*** Collected material ***

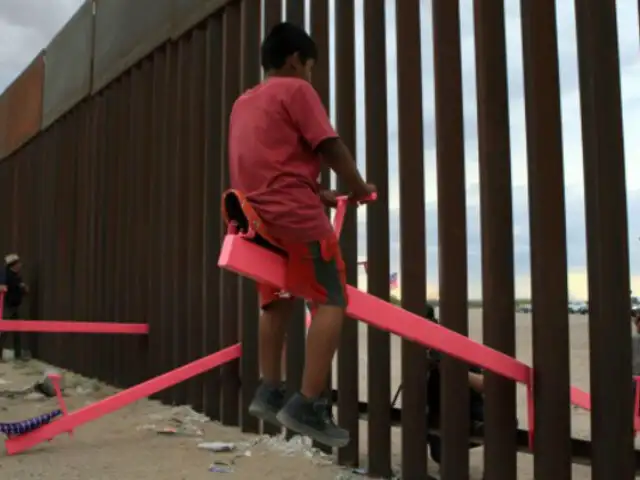 EEUU: colocan tres sube y baja en la frontera con México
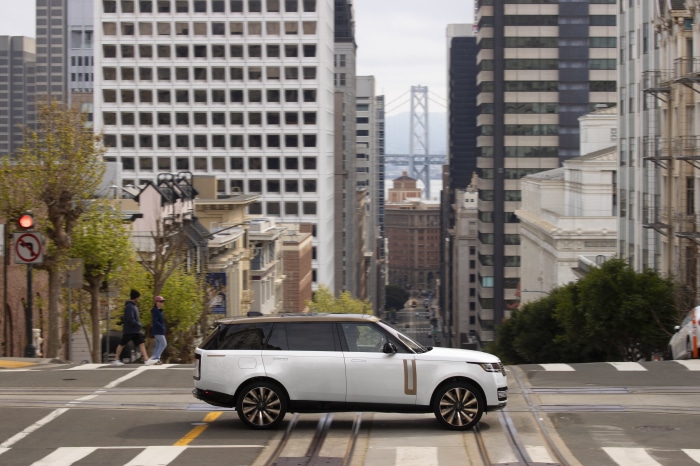 2023 Range Rover SV Serenity P530 LWB on San Francisco street
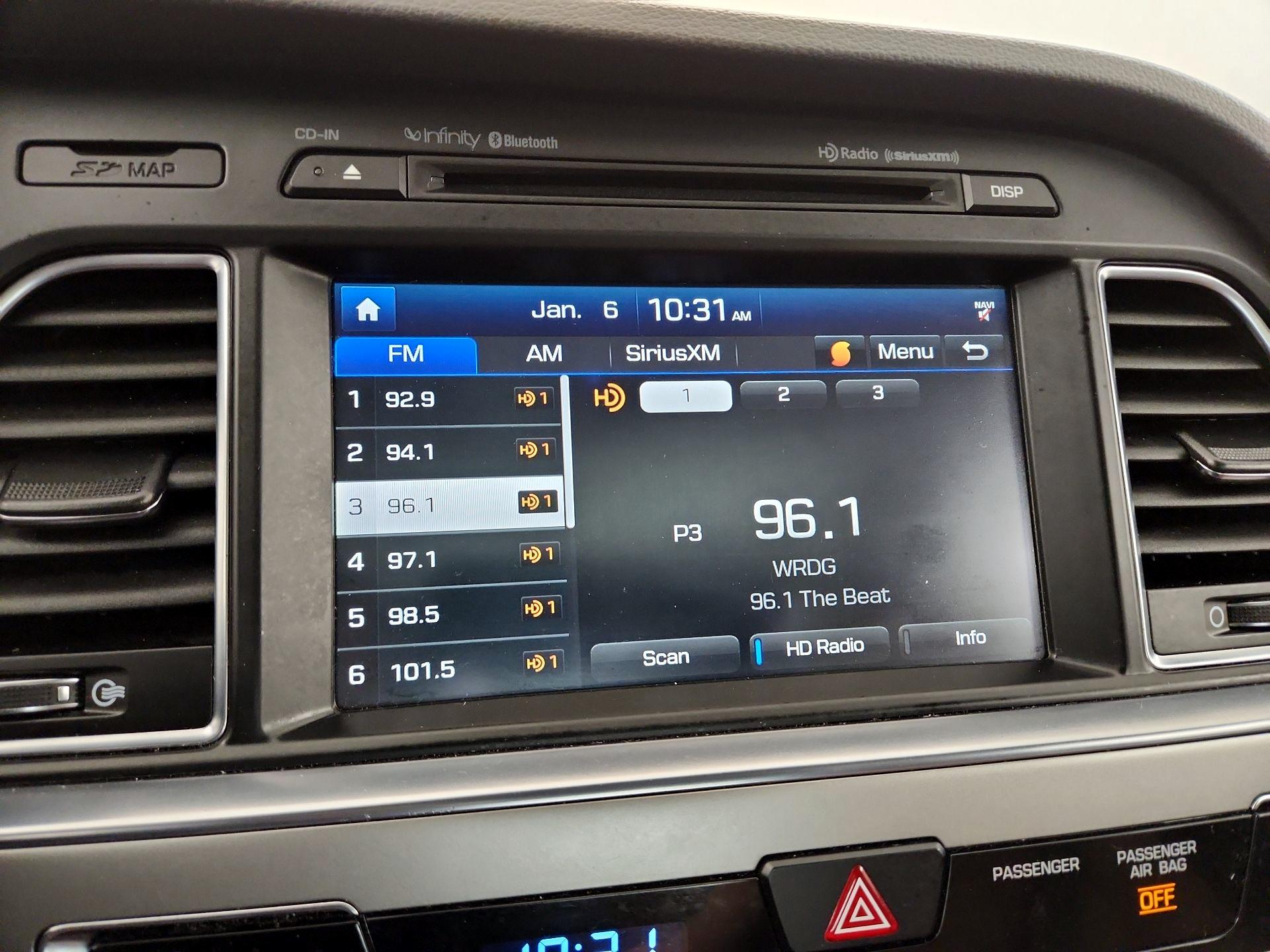 Thumbnail: 2015 Hyundai Sonata - 16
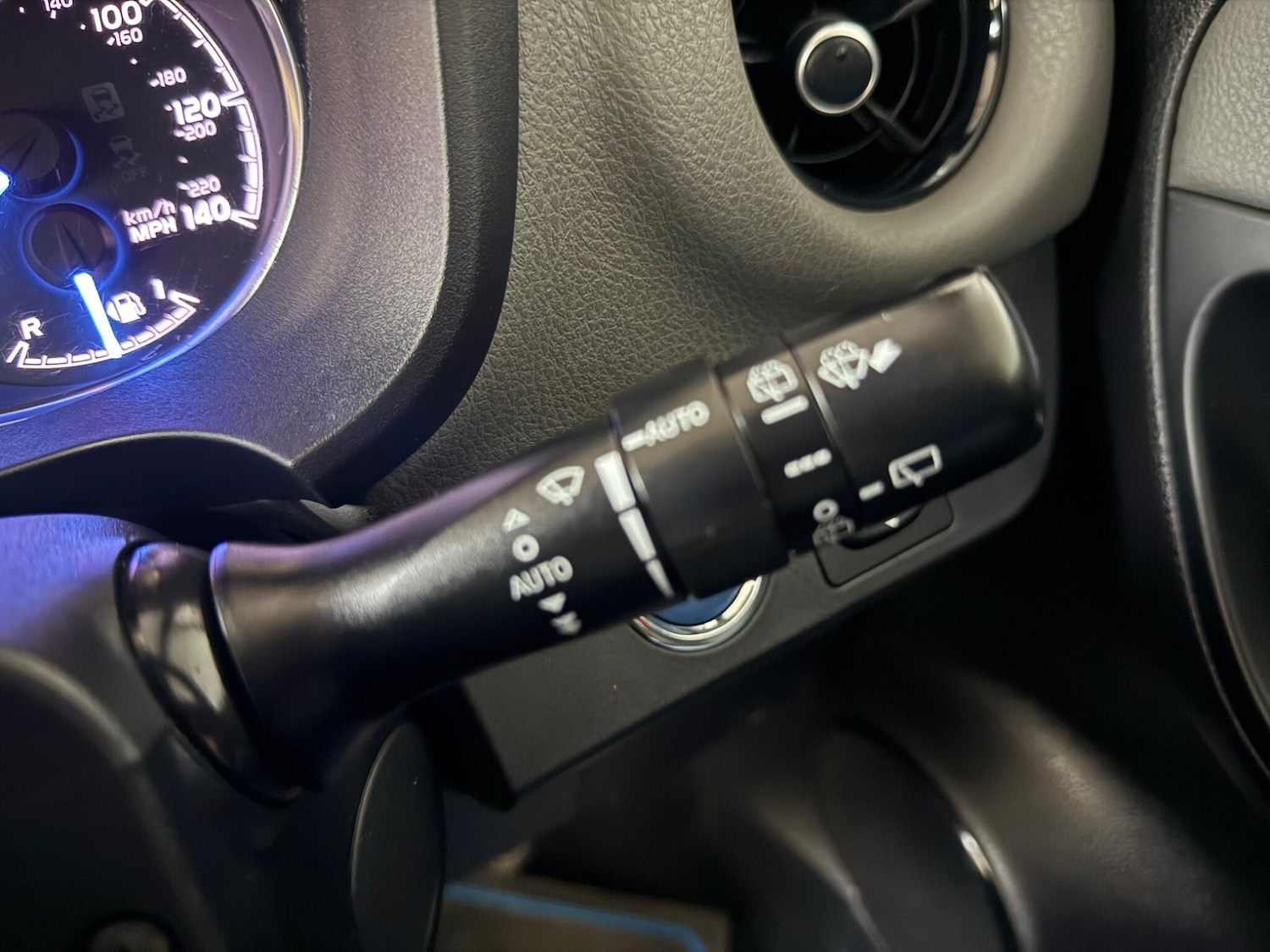 Used Toyota Yaris 2017 for sale - 76976495: Photo 37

*** End of Collected material ***

◆ **Directions for this task**: Down to the final line, restate the material above word for word, but omit its pictures.

◆ **Problem solution**:
 EEUU: colocan tres sube y baja en la frontera con México
 2023 Range Rover SV Serenity P530 LWB on San Francisco street
 Thumbnail: 2015 Hyundai Sonata - 16
 Used Toyota Yaris 2017 for sale - 76976495: Photo 37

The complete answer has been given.